# Elsie Dinsmore and A Life of Faith



## LadyFlynt (Dec 18, 2004)

Has anyone read these or the updated versions with their daughters? I've read the first book of the original series. And I've been looking into the Life of Faith Clubs...

Just looking for opinions...thought this might be a good alternative to the American Girl issue.


----------



## VirginiaHuguenot (Dec 19, 2004)

My wife has enjoyed the Elsie Dinsmore books in the past and my daughter probably will in years to come. I'll see if my wife has a more detailed analysis to share.


----------



## LawrenceU (Dec 19, 2004)

My nine year old daughter loves them. Some of the books when Elsie is older deal with some themes that may be a bit mature for younger ones, however. 

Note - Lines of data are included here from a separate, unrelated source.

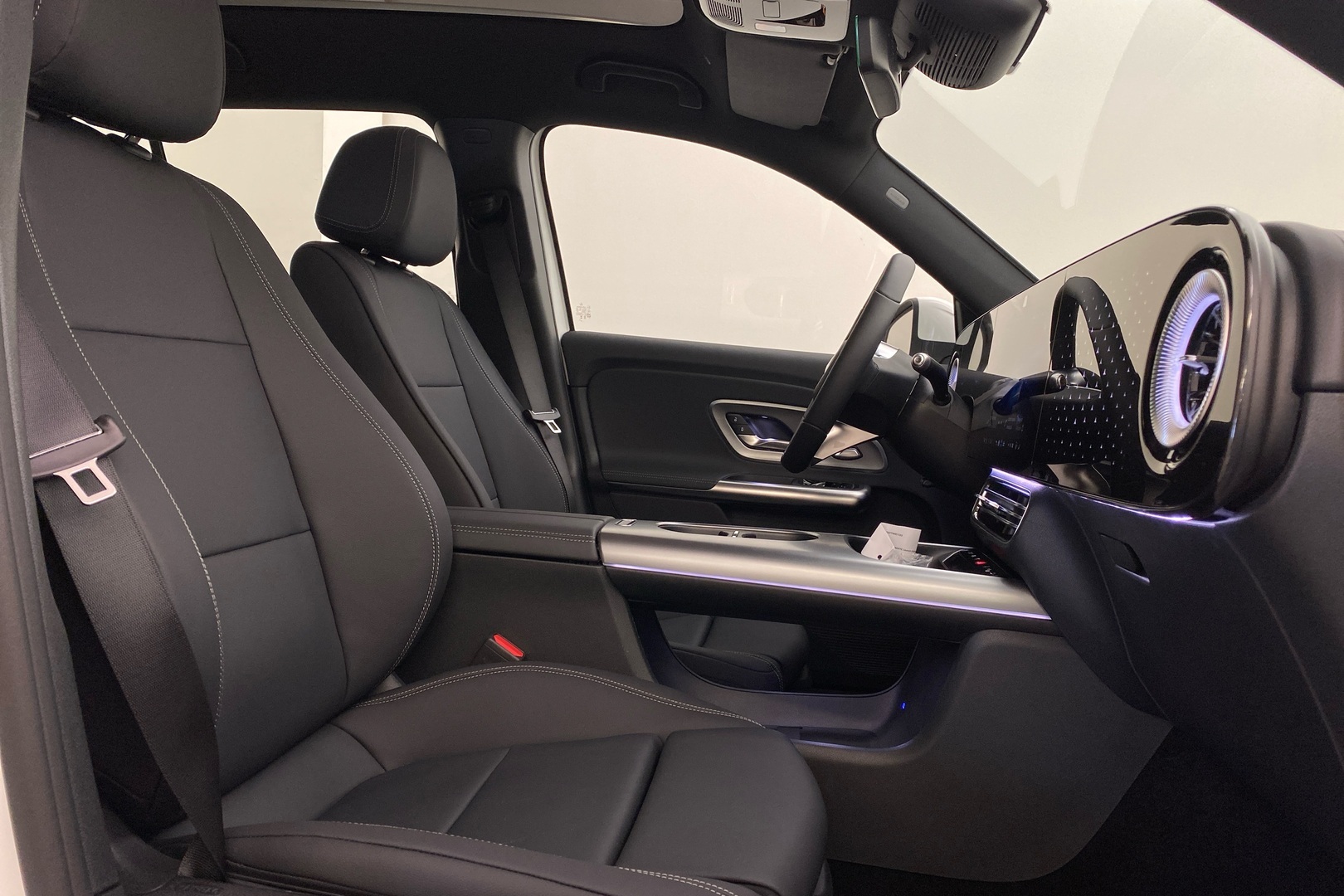 MERCEDES-BENZ GLB 2026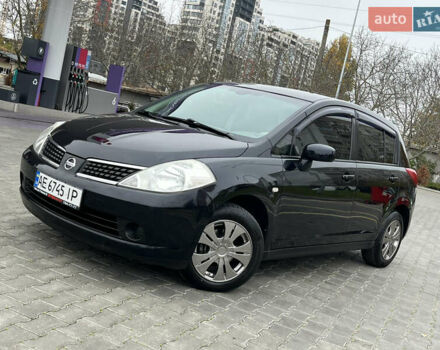 Черный Ниссан Тиида, объемом двигателя 1.6 л и пробегом 172 тыс. км за 6900 $, фото 2 на Automoto.ua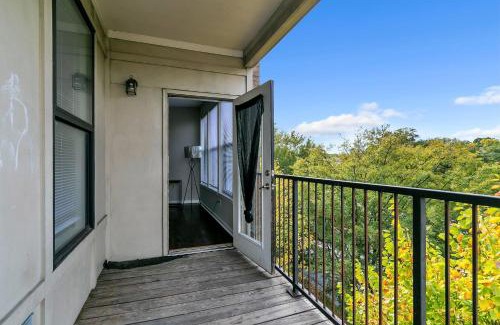 West End Apartamento | Stylish Sky Lofts Condo in Historic West End condo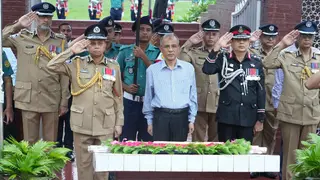 রাজারবাগ পুলিশ স্মৃতিস্তম্ভে স্বরাষ্ট্র উপদেষ্টার শ্রদ্ধা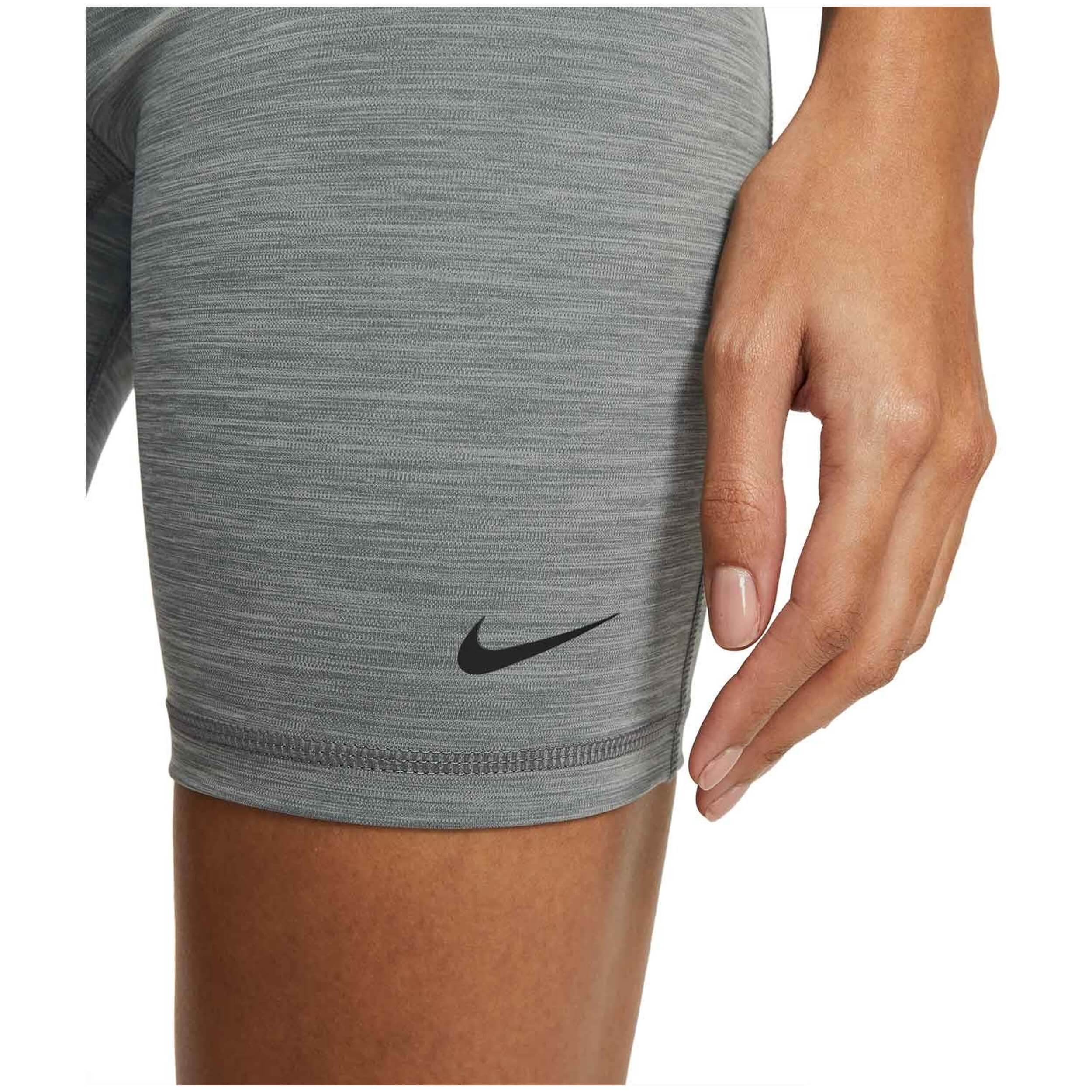 Pantalon Corto Nike Pro 365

If you check out Vision Forum they have some wonderful dolls that are of even better quaility than the American Girl dolls. These dolls and cosutmes are based upon historic Christian women eg. Dolly Madison, Pocahantas, etc.


----------



## LadyFlynt (Dec 19, 2004)

Yes, I'm aware that Vision Forum has those, but I haven't been able to read any of the books yet...right now we buy tapes and CDs...our children are all now sitting with us in service again (we were in a church at one time where that was the only option).


----------